In experiments the team modelled slices of four frames by first feeding their AI systems video from the BAIR Robot Pushing robot data set, which consists of roughly 40,000 training videos and 256 test videos showing a robotic arm pushing and grasping objects in a box. Next they applied the models to down sampled videos from the Google DeepMind Kinetics-700 data set, a large scale action recognition corpus of data containing about 400,000 YouTube videos across 600 action classes, and their smaller models were trained for 300,000 steps, while larger ones were trained for 1 million steps. And the qualitative results were good.
The team reports seeing “highly encouraging” generated videos for limited subsets such as cooking videos, which they note feature camera movement and complex object interactions like steam and fire and which cover diverse subjects.
“This marks a departure from the often very narrow domains discussed in the video generation literature to date, such as artificially generated videos of moving digits or shapes,” wrote the researchers, “or videos depicting natural, yet highly constrained environments, such as robot arms interacting with a small number of different objects with a fixed camera angle and background.”
They concede that the models struggle with nuanced elements though, such as human motion and fingers and faces, but those failures will be solved in time, and those shortcomings aside, they claim “state-of-the-art results in video generation” and believe they “have demonstrated an aptitude for modelling clips of an unprecedented complexity.”

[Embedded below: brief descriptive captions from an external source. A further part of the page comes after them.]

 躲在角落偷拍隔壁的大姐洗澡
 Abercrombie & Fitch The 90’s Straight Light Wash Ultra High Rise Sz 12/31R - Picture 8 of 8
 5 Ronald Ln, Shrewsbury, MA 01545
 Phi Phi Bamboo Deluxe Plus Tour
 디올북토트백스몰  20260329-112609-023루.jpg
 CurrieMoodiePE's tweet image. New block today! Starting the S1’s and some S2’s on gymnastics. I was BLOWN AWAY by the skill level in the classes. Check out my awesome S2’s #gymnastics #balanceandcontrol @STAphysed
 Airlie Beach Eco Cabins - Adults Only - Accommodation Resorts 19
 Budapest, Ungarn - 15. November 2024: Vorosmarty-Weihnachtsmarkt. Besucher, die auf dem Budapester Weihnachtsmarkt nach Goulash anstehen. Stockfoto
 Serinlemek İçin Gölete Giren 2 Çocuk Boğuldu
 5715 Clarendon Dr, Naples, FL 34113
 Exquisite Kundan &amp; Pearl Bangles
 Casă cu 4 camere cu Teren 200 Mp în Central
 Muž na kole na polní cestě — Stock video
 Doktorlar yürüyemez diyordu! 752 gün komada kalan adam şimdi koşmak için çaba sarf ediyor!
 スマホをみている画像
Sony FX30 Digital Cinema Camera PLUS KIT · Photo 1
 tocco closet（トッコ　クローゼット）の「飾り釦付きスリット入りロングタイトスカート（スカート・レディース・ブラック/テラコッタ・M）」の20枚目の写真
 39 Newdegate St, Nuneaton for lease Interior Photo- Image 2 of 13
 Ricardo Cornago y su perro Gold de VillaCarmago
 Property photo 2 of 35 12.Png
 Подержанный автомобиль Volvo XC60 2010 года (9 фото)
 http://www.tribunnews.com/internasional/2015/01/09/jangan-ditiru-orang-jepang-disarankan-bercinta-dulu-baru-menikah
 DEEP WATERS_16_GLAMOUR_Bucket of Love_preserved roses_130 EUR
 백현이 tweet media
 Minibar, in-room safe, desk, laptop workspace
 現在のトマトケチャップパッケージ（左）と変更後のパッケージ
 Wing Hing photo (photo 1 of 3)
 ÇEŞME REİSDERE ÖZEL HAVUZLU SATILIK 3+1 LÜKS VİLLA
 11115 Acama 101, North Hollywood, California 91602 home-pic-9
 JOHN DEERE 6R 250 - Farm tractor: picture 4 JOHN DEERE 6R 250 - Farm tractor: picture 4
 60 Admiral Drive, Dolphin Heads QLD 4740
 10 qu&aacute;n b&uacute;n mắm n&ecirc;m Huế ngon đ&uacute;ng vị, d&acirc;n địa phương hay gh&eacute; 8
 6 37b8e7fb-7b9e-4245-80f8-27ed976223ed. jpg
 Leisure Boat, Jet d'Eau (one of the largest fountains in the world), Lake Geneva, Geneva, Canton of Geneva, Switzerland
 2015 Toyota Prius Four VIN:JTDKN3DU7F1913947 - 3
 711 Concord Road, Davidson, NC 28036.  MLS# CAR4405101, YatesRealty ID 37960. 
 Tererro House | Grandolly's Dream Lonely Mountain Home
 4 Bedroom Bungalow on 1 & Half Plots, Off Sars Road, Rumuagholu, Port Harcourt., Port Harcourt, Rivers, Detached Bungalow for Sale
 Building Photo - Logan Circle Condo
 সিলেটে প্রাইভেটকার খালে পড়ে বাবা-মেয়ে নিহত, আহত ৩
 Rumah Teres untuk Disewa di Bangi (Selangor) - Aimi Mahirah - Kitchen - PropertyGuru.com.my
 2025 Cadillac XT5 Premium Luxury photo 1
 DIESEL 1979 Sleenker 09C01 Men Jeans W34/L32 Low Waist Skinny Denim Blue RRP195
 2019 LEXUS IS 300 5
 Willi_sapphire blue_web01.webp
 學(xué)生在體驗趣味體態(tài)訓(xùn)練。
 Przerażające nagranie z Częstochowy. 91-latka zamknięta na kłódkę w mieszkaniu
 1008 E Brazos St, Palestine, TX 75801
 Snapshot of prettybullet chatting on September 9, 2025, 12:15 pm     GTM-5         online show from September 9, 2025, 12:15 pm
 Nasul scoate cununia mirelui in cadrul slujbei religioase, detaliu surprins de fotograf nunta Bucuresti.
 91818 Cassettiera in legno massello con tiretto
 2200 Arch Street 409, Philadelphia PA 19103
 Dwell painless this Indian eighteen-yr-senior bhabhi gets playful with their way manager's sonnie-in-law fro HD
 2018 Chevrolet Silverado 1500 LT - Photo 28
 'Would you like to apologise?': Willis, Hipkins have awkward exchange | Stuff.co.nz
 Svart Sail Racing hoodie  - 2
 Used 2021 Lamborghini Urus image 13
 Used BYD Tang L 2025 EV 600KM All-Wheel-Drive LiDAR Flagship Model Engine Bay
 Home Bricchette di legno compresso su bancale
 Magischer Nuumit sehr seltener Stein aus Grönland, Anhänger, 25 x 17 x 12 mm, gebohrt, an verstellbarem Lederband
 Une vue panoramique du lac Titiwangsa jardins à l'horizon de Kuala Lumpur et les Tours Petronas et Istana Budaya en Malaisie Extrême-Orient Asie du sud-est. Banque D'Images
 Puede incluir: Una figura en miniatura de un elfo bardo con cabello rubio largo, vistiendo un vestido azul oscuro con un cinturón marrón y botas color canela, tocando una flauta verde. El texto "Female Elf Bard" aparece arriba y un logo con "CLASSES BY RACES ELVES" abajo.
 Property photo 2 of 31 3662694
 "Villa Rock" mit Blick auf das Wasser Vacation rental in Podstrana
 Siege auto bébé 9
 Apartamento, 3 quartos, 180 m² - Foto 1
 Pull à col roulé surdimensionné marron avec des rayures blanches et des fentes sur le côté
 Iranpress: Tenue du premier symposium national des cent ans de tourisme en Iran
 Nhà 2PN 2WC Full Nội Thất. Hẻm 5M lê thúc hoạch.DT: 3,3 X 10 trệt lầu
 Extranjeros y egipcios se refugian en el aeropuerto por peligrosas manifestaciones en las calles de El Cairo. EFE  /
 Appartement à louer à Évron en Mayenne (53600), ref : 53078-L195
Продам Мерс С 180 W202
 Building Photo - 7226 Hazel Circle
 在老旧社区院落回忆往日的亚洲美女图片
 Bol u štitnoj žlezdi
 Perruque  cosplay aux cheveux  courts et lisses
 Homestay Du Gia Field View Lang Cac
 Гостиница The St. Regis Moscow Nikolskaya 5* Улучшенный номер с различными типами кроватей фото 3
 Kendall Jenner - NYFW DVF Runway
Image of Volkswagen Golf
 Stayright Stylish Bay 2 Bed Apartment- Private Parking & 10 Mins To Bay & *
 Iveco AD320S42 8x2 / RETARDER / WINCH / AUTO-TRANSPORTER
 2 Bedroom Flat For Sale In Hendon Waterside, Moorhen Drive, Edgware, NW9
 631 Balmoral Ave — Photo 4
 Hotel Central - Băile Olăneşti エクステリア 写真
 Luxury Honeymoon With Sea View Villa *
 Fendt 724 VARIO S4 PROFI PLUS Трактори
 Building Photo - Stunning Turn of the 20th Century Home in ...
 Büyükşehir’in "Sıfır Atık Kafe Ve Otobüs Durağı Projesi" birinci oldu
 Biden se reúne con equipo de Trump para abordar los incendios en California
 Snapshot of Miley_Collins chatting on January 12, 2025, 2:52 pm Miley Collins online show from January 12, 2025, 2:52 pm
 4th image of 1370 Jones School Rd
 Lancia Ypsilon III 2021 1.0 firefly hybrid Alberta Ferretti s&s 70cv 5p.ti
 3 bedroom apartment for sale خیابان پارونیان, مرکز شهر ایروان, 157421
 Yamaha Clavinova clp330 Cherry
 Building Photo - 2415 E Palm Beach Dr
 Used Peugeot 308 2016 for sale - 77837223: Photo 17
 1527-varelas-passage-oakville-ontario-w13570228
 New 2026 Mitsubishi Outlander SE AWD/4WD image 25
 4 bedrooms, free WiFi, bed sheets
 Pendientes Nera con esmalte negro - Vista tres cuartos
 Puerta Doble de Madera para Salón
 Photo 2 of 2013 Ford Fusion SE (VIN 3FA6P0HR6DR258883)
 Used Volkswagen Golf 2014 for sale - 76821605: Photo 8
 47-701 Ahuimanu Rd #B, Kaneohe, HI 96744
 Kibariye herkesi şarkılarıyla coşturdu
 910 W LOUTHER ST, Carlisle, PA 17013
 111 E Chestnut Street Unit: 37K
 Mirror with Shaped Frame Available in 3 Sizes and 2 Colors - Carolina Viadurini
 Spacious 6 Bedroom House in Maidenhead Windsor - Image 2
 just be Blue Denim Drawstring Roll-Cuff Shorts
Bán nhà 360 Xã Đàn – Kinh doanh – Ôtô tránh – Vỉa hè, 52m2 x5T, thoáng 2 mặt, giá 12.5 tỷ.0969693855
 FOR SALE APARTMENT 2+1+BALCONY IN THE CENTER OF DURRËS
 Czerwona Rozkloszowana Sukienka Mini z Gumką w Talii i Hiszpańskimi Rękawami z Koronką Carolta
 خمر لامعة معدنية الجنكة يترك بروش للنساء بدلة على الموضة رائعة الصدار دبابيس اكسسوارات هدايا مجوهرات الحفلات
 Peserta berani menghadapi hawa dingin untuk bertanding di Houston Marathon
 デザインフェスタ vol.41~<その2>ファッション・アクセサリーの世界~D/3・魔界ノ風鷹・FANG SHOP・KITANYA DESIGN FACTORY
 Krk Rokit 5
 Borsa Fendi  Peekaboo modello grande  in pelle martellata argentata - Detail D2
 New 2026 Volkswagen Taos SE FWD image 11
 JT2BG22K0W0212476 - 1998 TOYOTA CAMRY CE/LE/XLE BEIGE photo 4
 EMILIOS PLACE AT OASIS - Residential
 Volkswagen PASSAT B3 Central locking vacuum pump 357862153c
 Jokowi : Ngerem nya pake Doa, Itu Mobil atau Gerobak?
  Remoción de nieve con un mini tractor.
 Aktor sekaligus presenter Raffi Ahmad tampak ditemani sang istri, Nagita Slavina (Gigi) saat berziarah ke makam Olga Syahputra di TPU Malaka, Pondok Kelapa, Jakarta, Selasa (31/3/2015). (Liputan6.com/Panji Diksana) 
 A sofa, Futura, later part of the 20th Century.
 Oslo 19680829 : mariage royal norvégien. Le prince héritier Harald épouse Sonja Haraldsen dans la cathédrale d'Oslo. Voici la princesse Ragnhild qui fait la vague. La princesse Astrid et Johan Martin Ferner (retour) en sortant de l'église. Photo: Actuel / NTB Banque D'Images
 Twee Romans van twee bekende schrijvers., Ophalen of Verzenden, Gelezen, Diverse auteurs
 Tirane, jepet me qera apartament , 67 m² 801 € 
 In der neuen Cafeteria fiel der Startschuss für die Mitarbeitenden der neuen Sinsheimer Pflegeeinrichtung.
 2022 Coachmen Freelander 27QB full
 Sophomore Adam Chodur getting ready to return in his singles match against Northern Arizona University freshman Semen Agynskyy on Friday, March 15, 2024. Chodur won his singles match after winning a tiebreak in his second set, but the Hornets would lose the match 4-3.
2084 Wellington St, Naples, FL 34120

So while this is one big step for the creation of true synthetic video content creation in the future, it’s one big step in a very long journey. But that said, as more of these experiments come to light, and the more successful they become, the closer we’ll get to the day when the way we produce video will change forever, and when a system like this is combined with the aforementioned text to video system then that means we’ll all be able to produce our very own video clips, or movies, with nothing more than just a keyboard and a smartphone. And that will be awesome!